= Norwegian porridge feud =

Debates in Norway (18641866)

The Norwegian porridge feud (grautstriden) were a series of public debates that was going on in Norway between 1864 and 1866, concerned with the optimal way of cooking porridge. The participants were Peter Christen Asbjørnsen and Eilert Sundt. The core of the debate was about whether or not it was redundant to add flour to porridge after cooking it.

The background for the debate was that Asbjørnsen published a cookbook in 1864 called Fornuftigt Madstel. En tidsmæssig Koge- og Husholdningsbog (approximately translated as, "Sensible Fare. A Modern Cooking and Housekeeping Book"), under the pseudonym Clemens Bonifacius, where he argued that the addition of flour to the porridge was wasteful. Asbjørnsen believed that the human body could simply not extract any nutritional value from the flour; he believed that it was uncooked and that uncooked flour was indigestible. On the other side, Sundt argued that one should trust the competence of the Norwegian porridge makers gathered through generations.

Asbjørnsen's belief that the flour remained uncooked was incorrect, as the flour cooks when it is stirred into the hot, watery dish.

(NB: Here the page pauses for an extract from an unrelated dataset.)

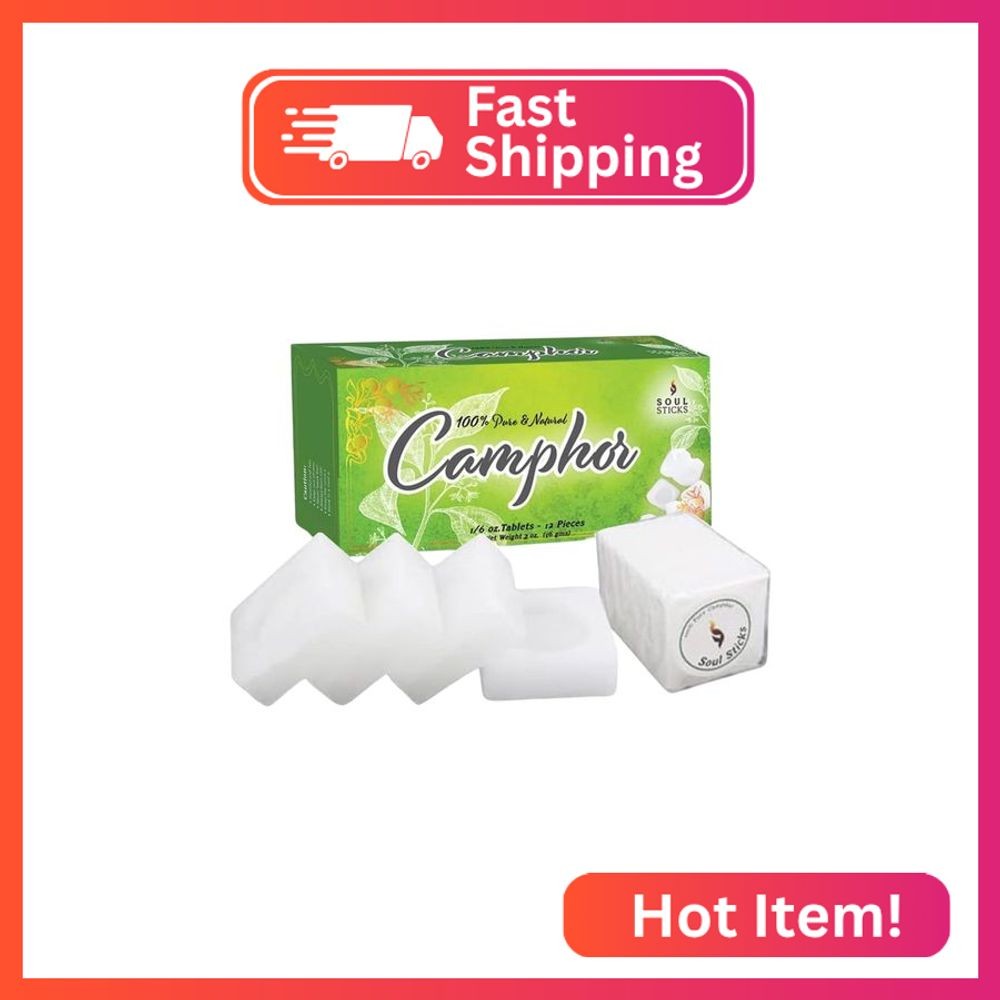 SOUL STICKS Natural Camphor Blocks, Pure Camphor Tablets for Aromatherapy & Puja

Later sources say that adding flour to porridge is sometimes necessary to make it thicken properly, especially if the porridge is cooked with grains of doubtful quality, such as most Norwegian cooks would have encountered after a bad harvest. In this analysis, flour was neither added because women followed the traditions of previous generations, nor omitted in the name of science and domestic economy, but added because it produced the desired texture.